Results provide explicit feedback for all operations with type-safe handling.

Result Types

enum ResultKind {
  OK, Ignored, InTransition, Rejected, Error
}

class Result<TData = unknown> {
  readonly kind: ResultKind;
  readonly data: TData | null;
  get error(): Error | null;
  get message(): string | null;

  in(...kinds: ResultKind[]): boolean;
  done(): Promise<Result>;
  expect(...kinds: ResultKind[]): this;
}

Static Methods

Result.ok(data?)           // Success
Result.ignore(message)     // Signal not applicable
Result.reject(message)     // Validation failed
Result.error(error)        // Exception occurred
Result.transition(asyncFn, timeout?) // Async operation
Result.enqueue(signal)     // Success + chain follow-up signal

Result.enqueue

Creates an OK result that chains a follow-up signal for dispatch after the current dispatch completes successfully. The entire chain is atomic — if the enqueued signal fails, all state changes (including the original dispatch) are rolled back.

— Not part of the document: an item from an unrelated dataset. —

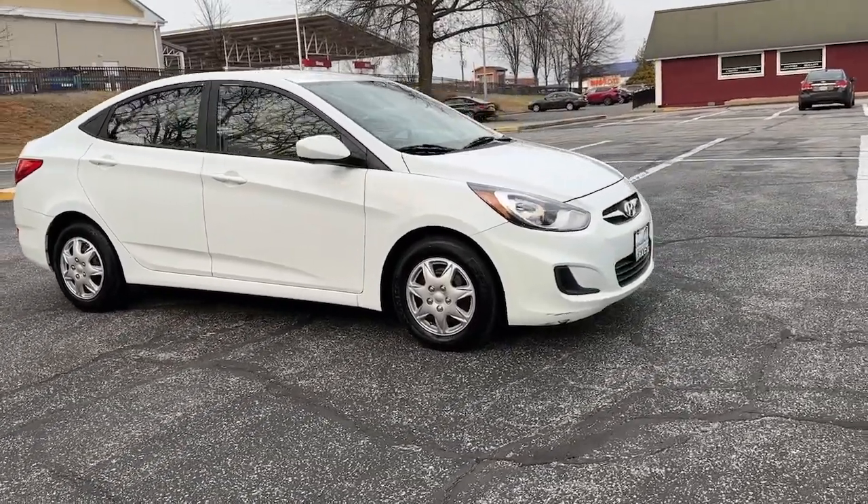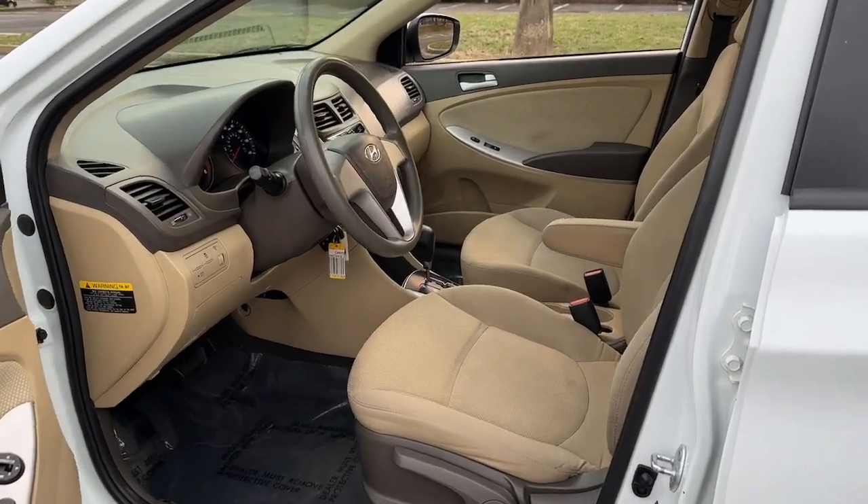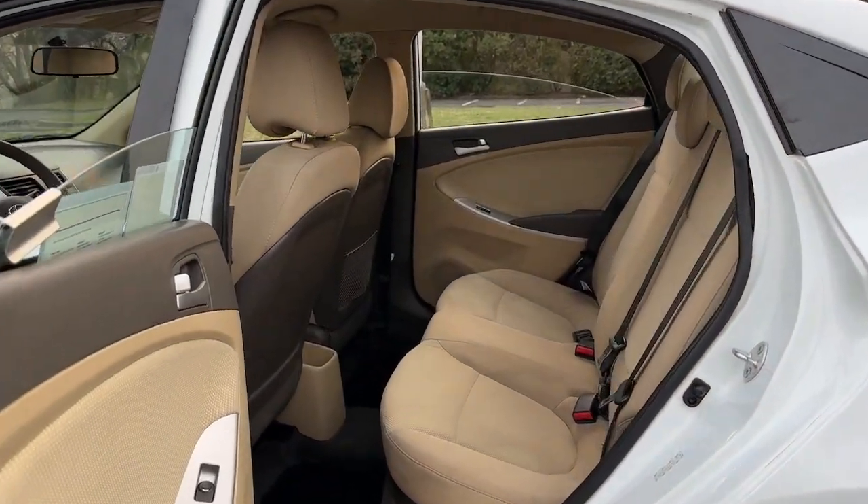Feel refreshed and ready to face the day in this affordable, well-built Accent. Treat yourself to a test drive today. Our staff will toss you the keys and give you an outstanding customer experience.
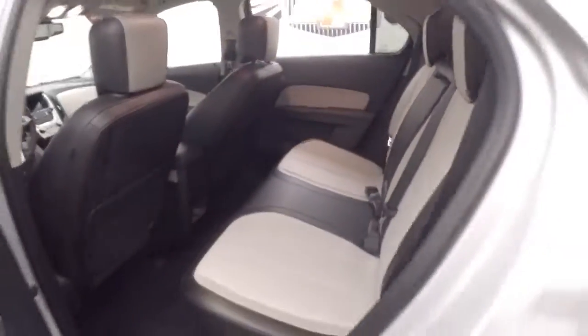Nice alloy wheels and good tires. The interior is in great shape with a nice leather interior.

Result.enqueue(signal: StateSignal): Result

Example:

// In state handlers — enqueue a follow-up signal
sm.addEnterHandler(driverState.active, (state) => {
  return Result.enqueue(signals.updateDriver({ driver: state.driver }));
});

// Calling dispatch(app, signals.activateDriver()) will:
// 1. Execute activateDriver -> enters active state
// 2. Automatically dispatch updateDriver within the same lock
// 3. Return the final result only after both complete
// 4. If updateDriver fails, roll back to state before activateDriver

// A self-terminating same-target record chain is supported: an update enqueues a record
// signal whose same-variant transition re-runs the update, which re-verifies and converges.
sm.addUpdateHandler(driverState.active, (state) => {
  return state.recorded ? Result.ok() : Result.enqueue(signals.record());
});

Rules: at most one Result.enqueue per handler, and don't let two different handlers each enqueue in the same dispatch cycle (the engine dev-warns it). The supported "chain" is the self-terminating same-target record pattern above, which converges to a fixed point — not a way to script arbitrary multi-step workflows. For those, and for any cross-target follow-up, use lock() + send() on the target.

Other Static Methods

// In flow handlers
defineFlow(orderState.pending, {
  confirm: (state) => {
    if (!state.paymentVerified) {
      return Result.reject("Payment not verified");
    }

    if (state.items.length === 0) {
      return Result.ignore("No items in order");
    }

    try {
      validateOrder(state);
      return orderState.confirmed(state);
    } catch (error) {
      return Result.error(error);
    }
  }
});

// In state handlers
sm.addEnterHandler(orderState.processing, (state) => {
  return Result.transition(async () => {
    try {
      await processPayment(state);
      await updateInventory(state);
      return Result.ok();
    } catch (error) {
      return Result.error(error);
    }
  }, 10000); // 10 second timeout
});

Type Utilities

TypeScript utilities for extracting type information:

Infer

Extracts property types from states, variants, or signals.

type UserProps = Infer<typeof userState>;        // State properties
type ActiveProps = Infer<typeof userState.active>; // Variant properties  
type SignalArgs = Infer<typeof updateSignal>;    // Signal arguments

Infer is the only type utility exported from @state-flow/core. The following are internal helpers (not re-exported from the package entry point):

  • ExtractVariants<T> - Get variant names (internal, not exported)
  • ExtractSignals<T> - Get signal types (internal, not exported)
  • ExtractName<T> - Get state name (internal, not exported)
  • ArrayToRecord<T> - Convert state array to record (internal, not exported)

Error Types

StateFlow uses custom errors for framework issues:

class StateFlowError extends Error {
  name: "StateFlowError";
}

Common errors:

  • Redefining flows for same state variant
  • Dispatching signals during active transitions
  • Invalid state configuration (missing name/variants)

The StateFlow API provides type-safe, comprehensive feedback for predictable state management.